Tal sucesso permite ao Dr. Juca viver como um dândi em Pernambuco e na Paraíba. Ignora a prudência; ignora a esposa - Dona Dondom; ignora os filhos. Financia a vida das amantes. Compra carros caríssimos. Esbanja. A derrocada da Bom Jesus se deu quando Juca tenta reformar, tecnologizando-a, colocando-a na esteira do tempo. Assume, assim, um grande número de dívidas, que somado ao baixo preço do açucar, faz com que tudo vá por água abaixo.

Diferente dos demais livros, Usina não foca em um personagem como se dá com os três primeiros livros, que centra sua atenção em Carlos de Melo; e o quarto, que torna o centro da narrativa, o personagem Ricardo como operário no Recife. Usina possui vários focos narrativos, todos alinhavados por uma ideia de grandeza. Todas as personagens estão ligadas pelo poder conferido pelo dinheiro. A propriedade se torna no romance a única coisa que se projeta. E a ganância que alimenta os sonhos dos poderosos, em contraposição à bondade dos simples, personificado por dona Dondom e pelo povo humildade.

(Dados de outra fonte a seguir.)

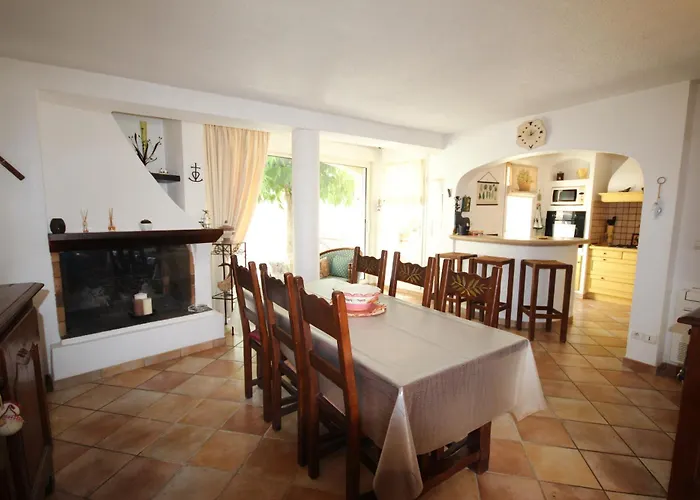 Bel Appartement Climatise De Plain Pied 80M De La Mer, Wifi, Grand Sejour 2 Chambres Belle Terrasse Lxrm3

A propriedade e ânsia pelo ganho se tornam o desejo daqueles que possuem o capital. Já aqueles que não possuem os meios de produção são "amansados" pela superstição religiosa e pela impotência conferida pela miséria. Usina nos põe diante da decadência da ideia de patriarcado oligárquico, na qual a força que sustentava essa estrutura social é solapada no simbolismo da derrocada da Bom Jesus. Curiosa é a ideia de "dilúvio" no final da obra. Não sei qual era a finalidade - talvez isso desse matéria para uma boa discussão - de José Lins ao terminar o Ciclo com uma enchente do Rio Paraíba. Não há como negar que Zé Lins estabelece uma relação com o Guarani, de José de Alencar, e a enchente que funciona neste livro como um mito de fundação da população brasileira. Em Usina, ao contrário, o dilúvio do rio Paraíba funciona como um agente causador de ruína, fomentando inevitavelmente um processo dialético, a mudança que dá início a um novo tempo.

Poucos escritores possuem essa capacidade. Ainda tenho 5 romances do escritor paraibano em minha biblioteca para serem lidos - Pureza, Pedra Bonita, Fogo Morto, Eurídice e Cangaceiros. Sigamos!